Create a poster featuring the presidential bust---head and shoulders---with the bust filling the entire poster. This graphic art should be set at very low opacity, at 20 percent or less, to a point where it is almost a watermark, or ghost image. But, keep the image recognizable, if very light, and surround the president's head with the information you wish to present. You can include a small, fine-detail photograph on the poster, to be seen when a viewer stands in front of the poster to read all the details.
Create a poster to look like giant money, either a single bill of currency or a large, shiny coin. The entire poster can be the bill, and you can insert any president's face into the "presidential cameo." Change the denomination of the bill to represent the number of the president.

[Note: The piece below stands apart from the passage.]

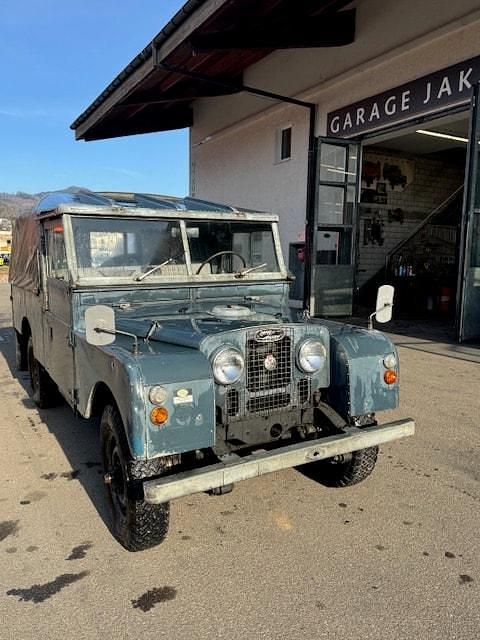 Gebraucht Land Rover 1 1954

In close, where the fine print goes on currency, instead place the pertinent information you wish to confer, or place "pop-up" bubbles around that are screened white versions of the underlying graphic so that viewers can read the text.
Study various samples of postage stamp art, and create your own giant version of a postage stamp, featuring the president you are highlighting. The White House can be the stamp's subject, or the stamp can depict a series of presidents. Or, you can create a series of large postage-stamp posters to depict 10 to 15 presidents.
On all posters, it is important to include details about the president's life and term. Consider including information such as the president's years in office, number of terms, vice president, dates of birth and death, wife's name and other interesting information such as the president's claim to fame as commander in chief.